Sonny detected the pity in his voice and looked away, forcing himself up into a standing position. He snapped shut the blue velvet box and slipping it forcefully back into his pocket before reaching for the dishes on the table.
“You go back to work,” he demanded, leaving no room for the slightly older man to argue. “I’ll clean up dinner.”
“Sonny,” Barba whispered, reaching out to rest his hand on his forearm.
Carisi pulled back suddenly, standing a little straighter as the plates landed in the sink and he flung open the dishwasher door. “Barba,” he hissed, his voice cracking with the threatening onset of tears and emotion. “I can’t right now, okay?”
“Okay,” Rafael whispered, turning on his heels and sulking into his office.
The door shut lightly and Sonny gripped the edges of the counter, making sure the water was as high as it could be before letting one heart wrenching sob escape his broken and tired body.
So much for the perfect night.
---
The reverberating wails of Jesse’s waking need for a diaper change caused him to sit up straight on the too-short couch that had become his make-shift bed in the last week. Sonny sighed, stretching his arms over his head before standing up. He moved quickly to the baby’s room, but knew Amanda would already be up.
She couldn’t sleep through Jesse’s crying any better than he could.
This morning, however, Sonny made it to the nursery first. He lifted Jesse from the crib cautiously, cradling her to his chest as he turned toward the changing table.
“Come here, little one,” he cooed, trying to calm her as he reached for a clean diaper. Nieces and nephews meant he was well trained, and within moments a wet diaper was exchanged for a clean, dry bottom, and Jesse was back in his arms, swinging through the air before being cuddled tightly to him.
He turned, catching sight of Amanda in the doorway, easily handing off the infant.
“She’s probably hungry,” he observed out loud, breaking their silence.
Amanda sighed, “Carisi, you know you’re welcome here any time, but when are you going to kiss and make up with Barba? You’re not supposed to know my kid’s morning routine.”
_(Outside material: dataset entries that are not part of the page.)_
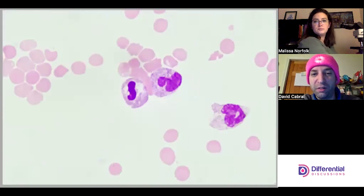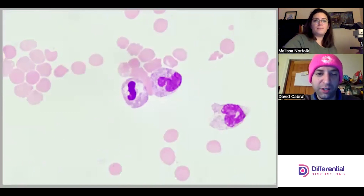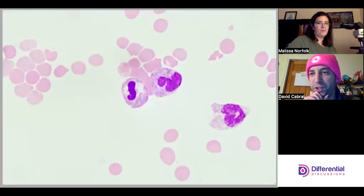More neutrophils here. One looks like it's starting to get a little necrotic or pyknotic, which is normal — neutrophils don't last particularly long, especially outside of circulation.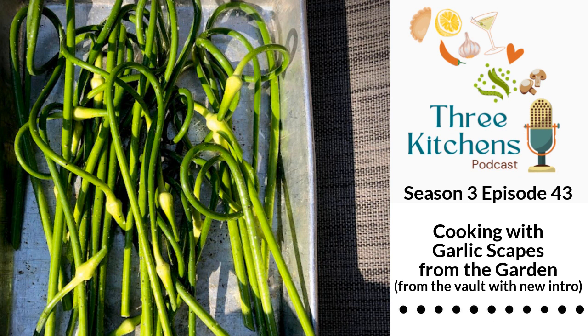I made scape pesto last year — I found my picture from Instagram. I had scapes and olive oil, and walnuts instead of pine nuts, with lemon and salt. I had it with grilled chicken and zoodles — zucchini noodles — and it was quite good. One of the hashtags I put was 'packs a punch' — I remember it being quite intense garlic. Which is good, we all like garlic. This sounds like the perfect date night for the three of us.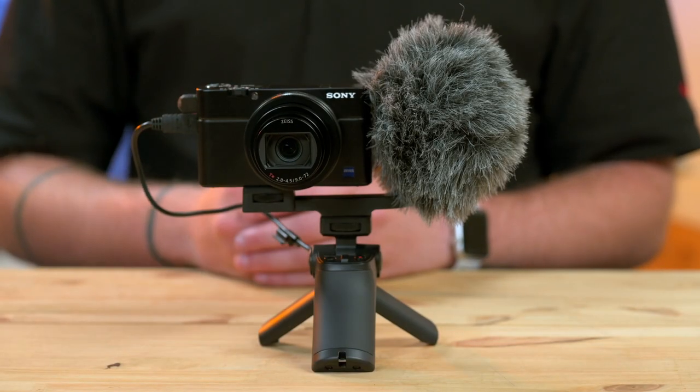So there you have it — that's the new RX100 Mark VII. We are taking pre-orders right now, so go ahead and visit us online at bedfords.com or your local store. If you found this video helpful, go ahead and hit like and subscribe to our page. I'm Luke from Bedford Camera and Video, and we'll catch you next time.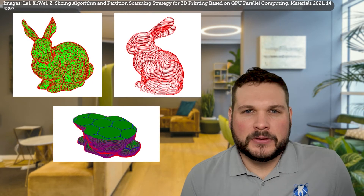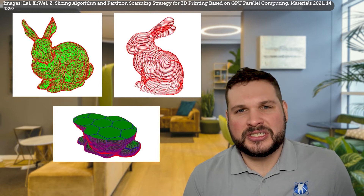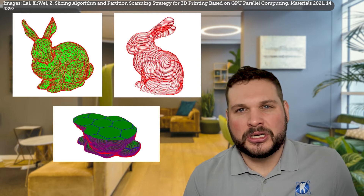DMLS follows the same basic process principles as most 3D printing technologies: scan, slice, and print. Once a 3D model has been designed, the image is broken down into small slices and the printer adds the material layer by layer until a three-dimensional physical model is made.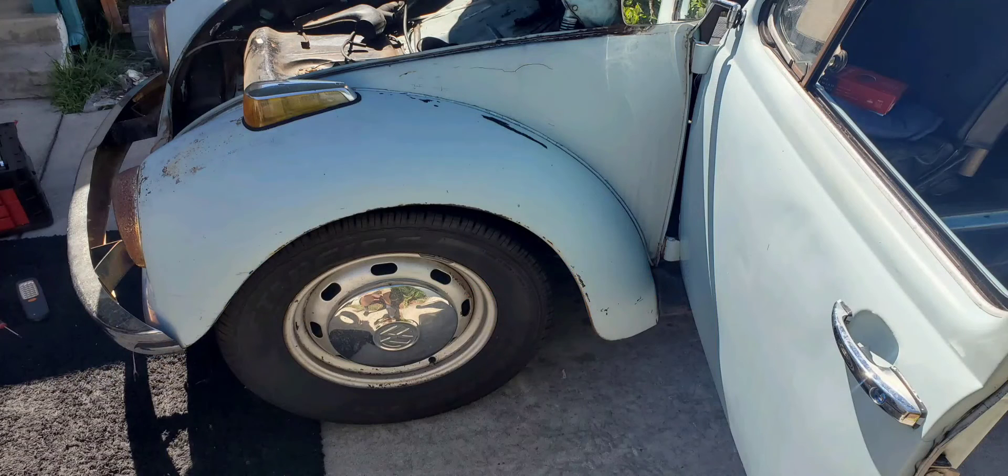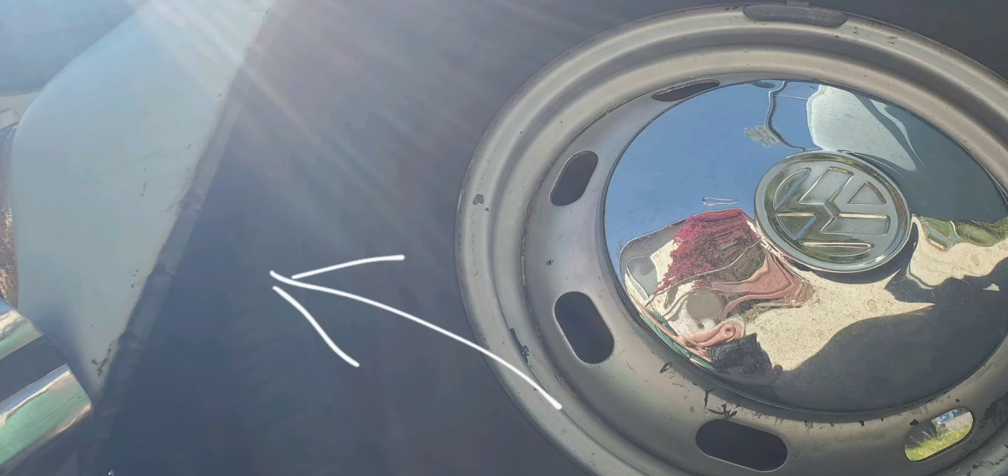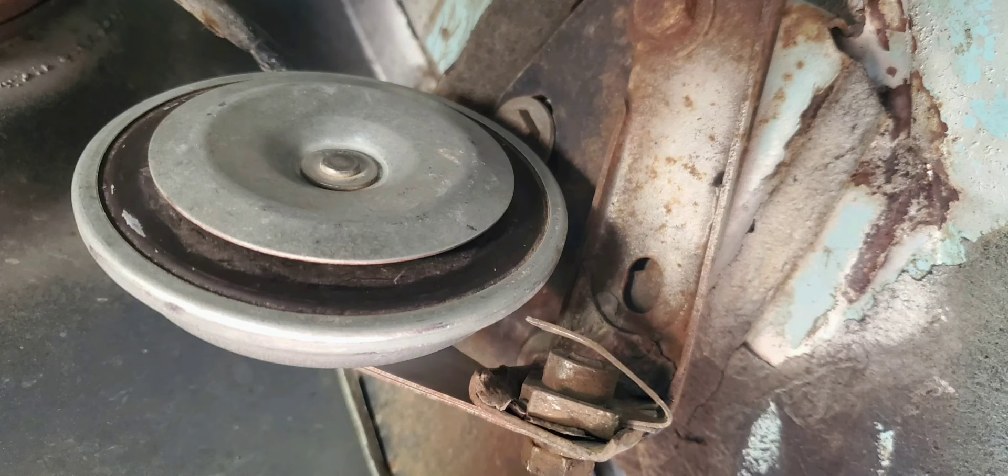Just so you know, the horn is on the driver's side in the front, under inside the fender well. See where that arrow is? Up in there, you'll see it when you look close. That's what a horn looks like.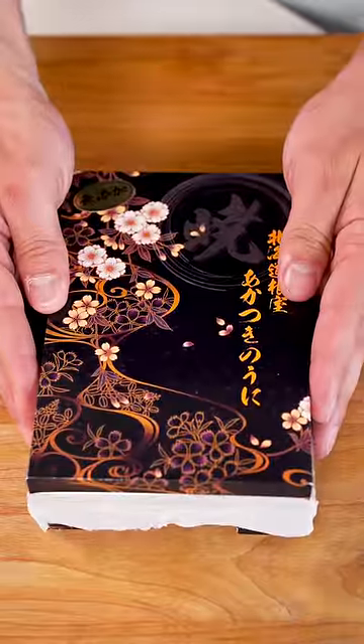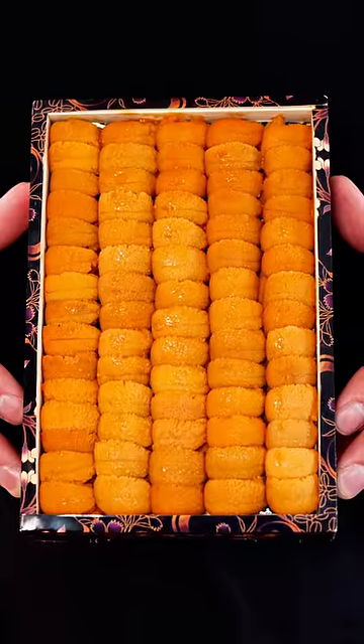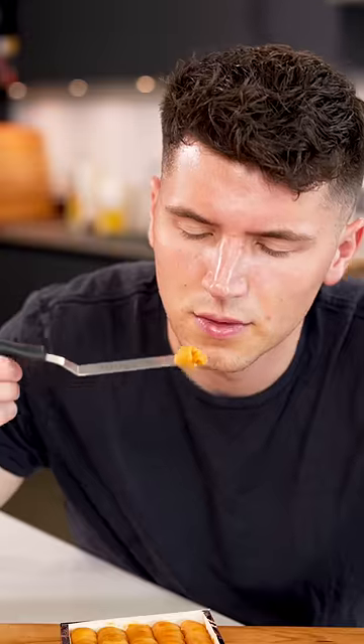Let's make sea urchin pasta. This is the world's most expensive sea urchin. It's called bafun uni, which translates in Japanese to horse manure because of what the sea urchin looked like underwater. But each single piece costs almost $5. It tastes almost like butter, so let's make some pasta.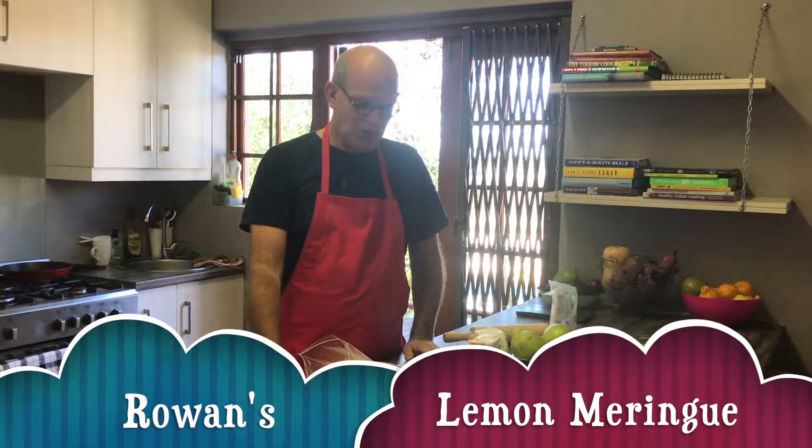I decided today that I would show you how I make my lemon meringue pie.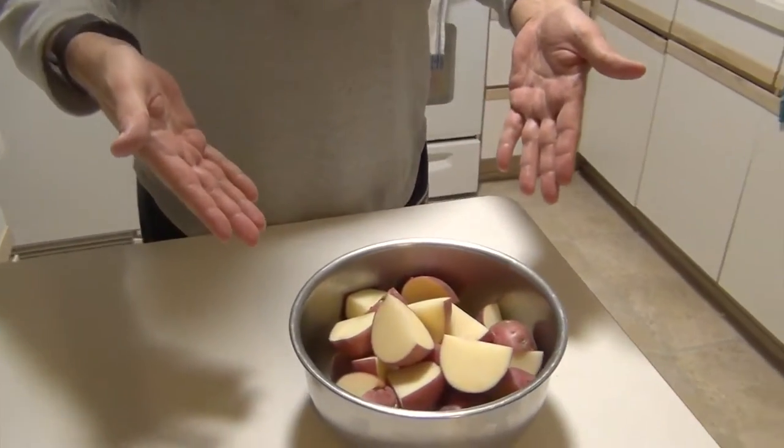Today I'm going to be making a Thanksgiving staple — at least it is in our house. I'm going to be making mashed potatoes. But here's the twist: we're going to do it in a slow cooker.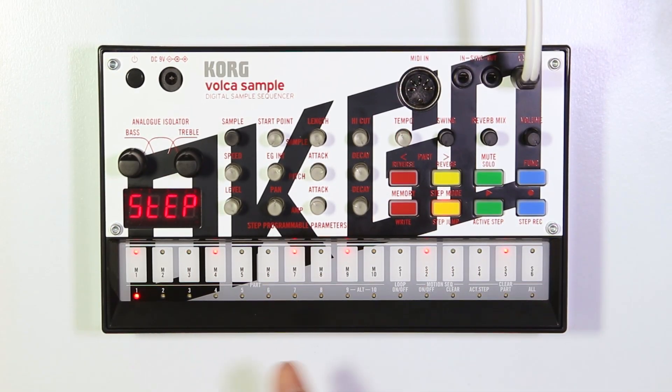During playback, the sequencer will go through each step and it will play the sound when it comes to a step that's turned on, like this.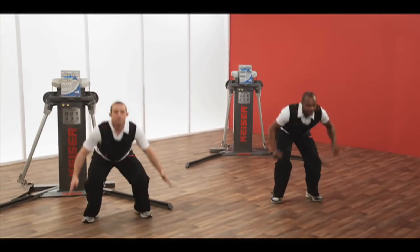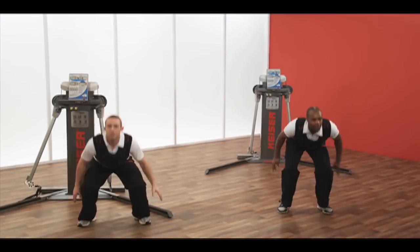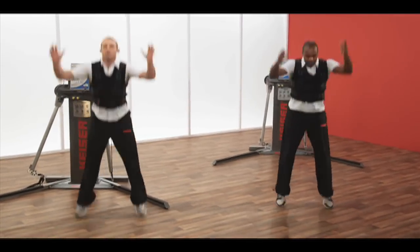A great exercise for your quads, glutes and hamstrings. With the pulleys at a low level, standing with your feet shoulder width apart.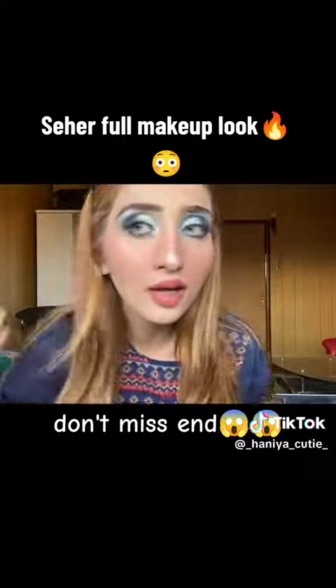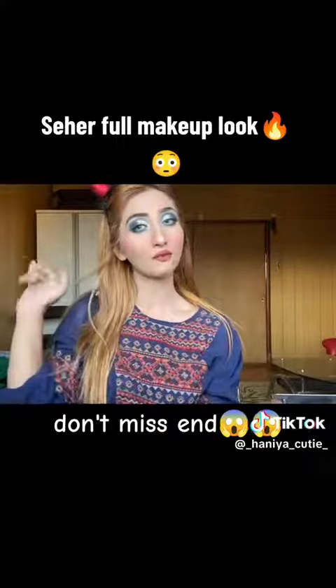I am done! I'm gonna see you guys in my next video — till then, Allah Hafiz.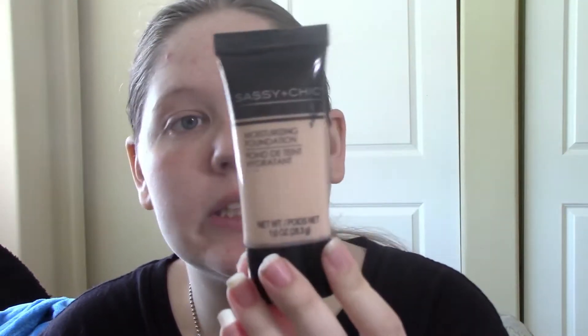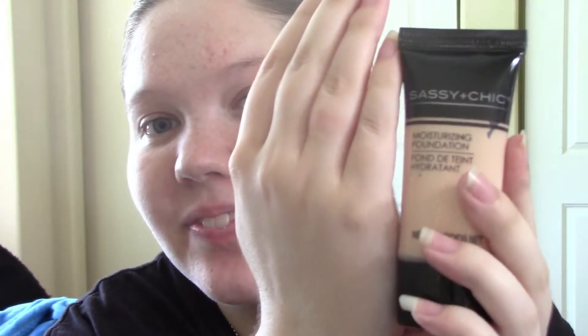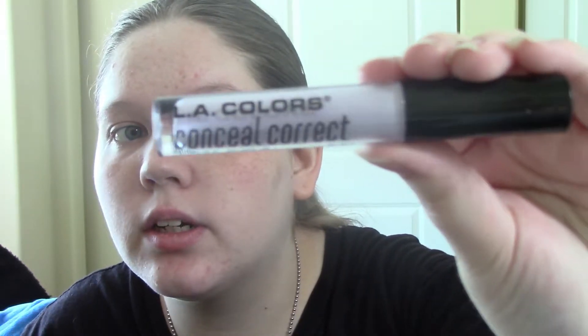I'm going to first use this Sassy and Chic Moisturizing Foundation — this is the lightest foundation I found there. I've got this LA Colors liquid makeup, and look how dark that is. I found this which I thought might help me lighten up the foundations a little bit — this is the LA Colors Conceal and Correct in the shade Lavender. I grabbed this thinking it was powder, but it's actually the Colormate's compact makeup in the shade Light. It smells so chemically, but of course it is because it's from Dollar Tree.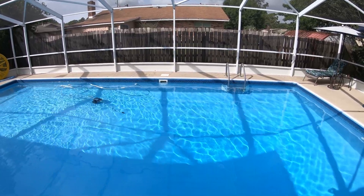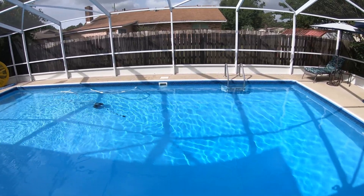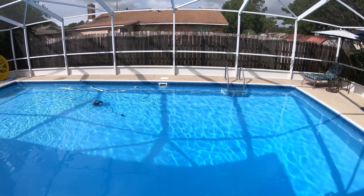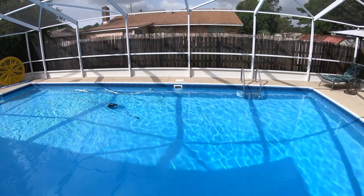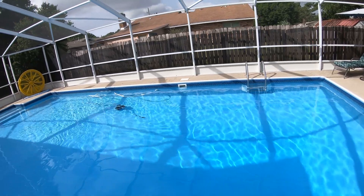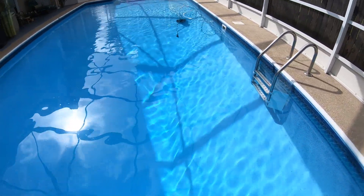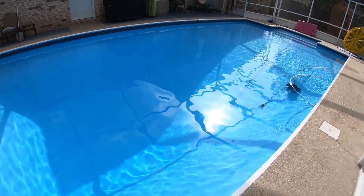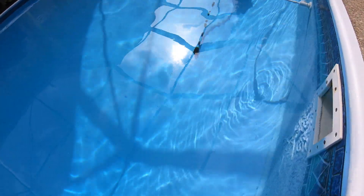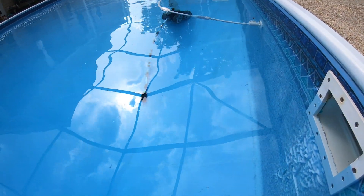Hey everybody, in this video I want to show you what happens when you put chlorine tablets into a vinyl pool liner skimmer — or what can happen. I'm gonna walk over there, see if you can see that right there underneath the skimmer. I'm actually gonna show you what can happen, and a lot of people do not realize this. I'm gonna turn my camera around and go underwater to show you close up.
“I don’t know it,” he countered harshly. “Besides, all babies have the same routine, ‘Manda.”
“It’s been a week.”
“I can’t yet.”
“You need to – work is getting awkward,” she moaned.
Sonny shook his head, speaking more firmly to make his point, “I can’t.”
“You know,” she sighed, adjusting Jesse to run a hand over her hair. “You haven’t even told me why you aren’t sleeping at home.”
Carisi sighed, shaking his head and nudging around her, making his way to the bathroom, “I’m gonna shower and head to the precinct. I promised the lieutenant I’d go in with Fin today.”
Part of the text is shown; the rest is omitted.